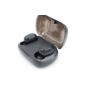 Casti bluetooth L21 TWS, 5.0, control tactil, 350mAh, negru, impermeabile, microfon inclus, functie de reducere a zgomotului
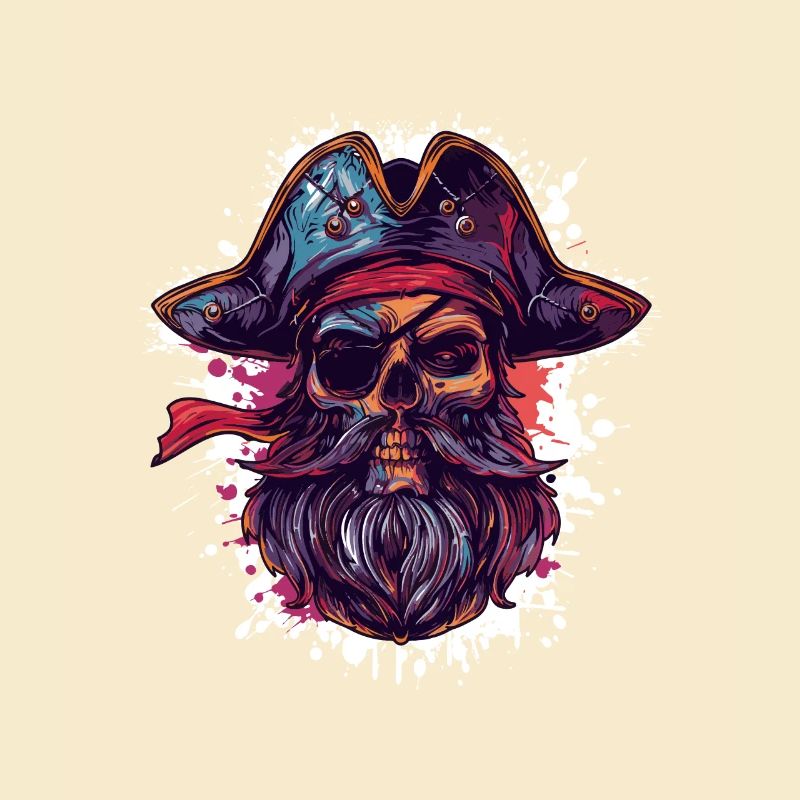 Capitaine du crâne de pirate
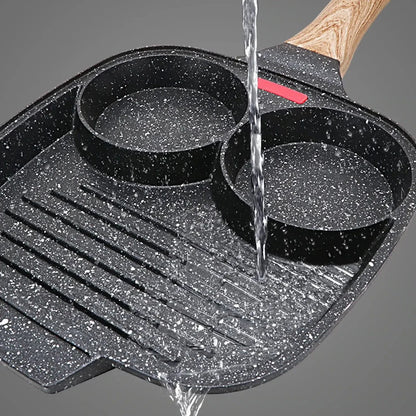 3-in-1 Antiaanbak Koekenpan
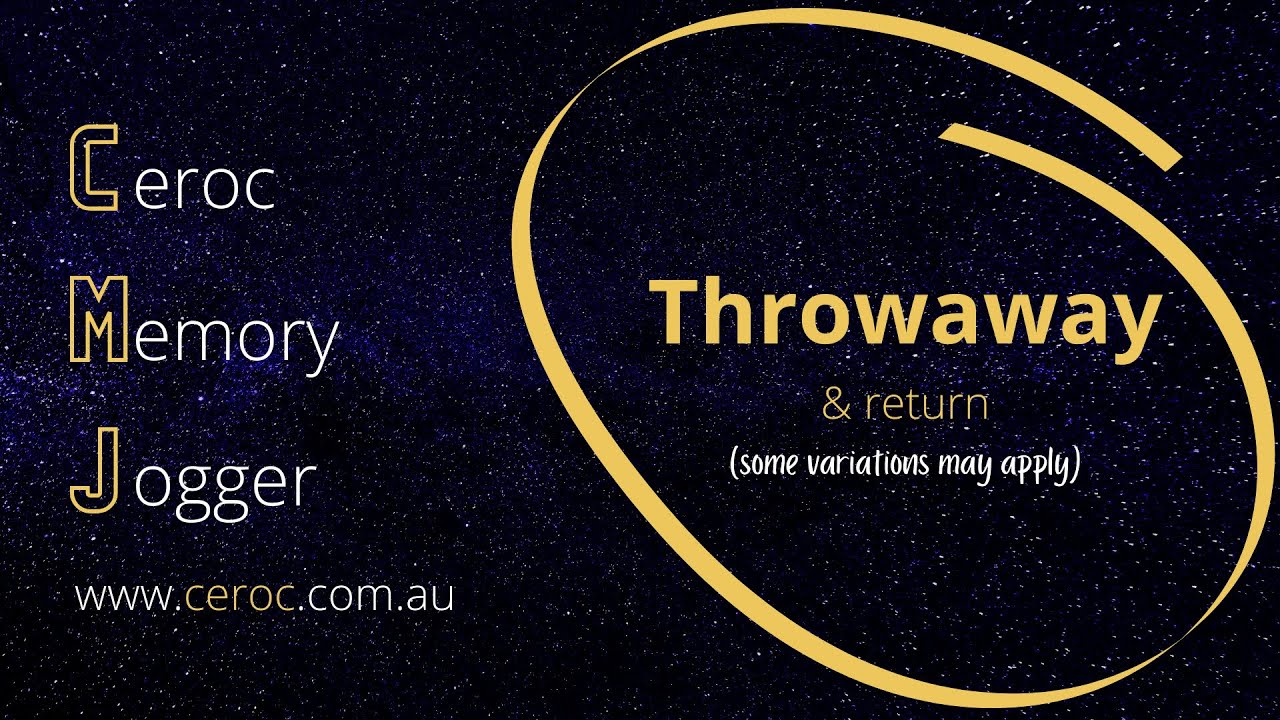 Beginner Ceroc Moves - Throwaway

*EXERCISE REQUIREMENTS*:
Skip the pictures and copy exactly the lines from the one containing "3-in-1 Antiaanbak Koekenpan" through the end of the material, both ends included.

*ANSWER SECTION*:
 3-in-1 Antiaanbak Koekenpan
 Beginner Ceroc Moves - Throwaway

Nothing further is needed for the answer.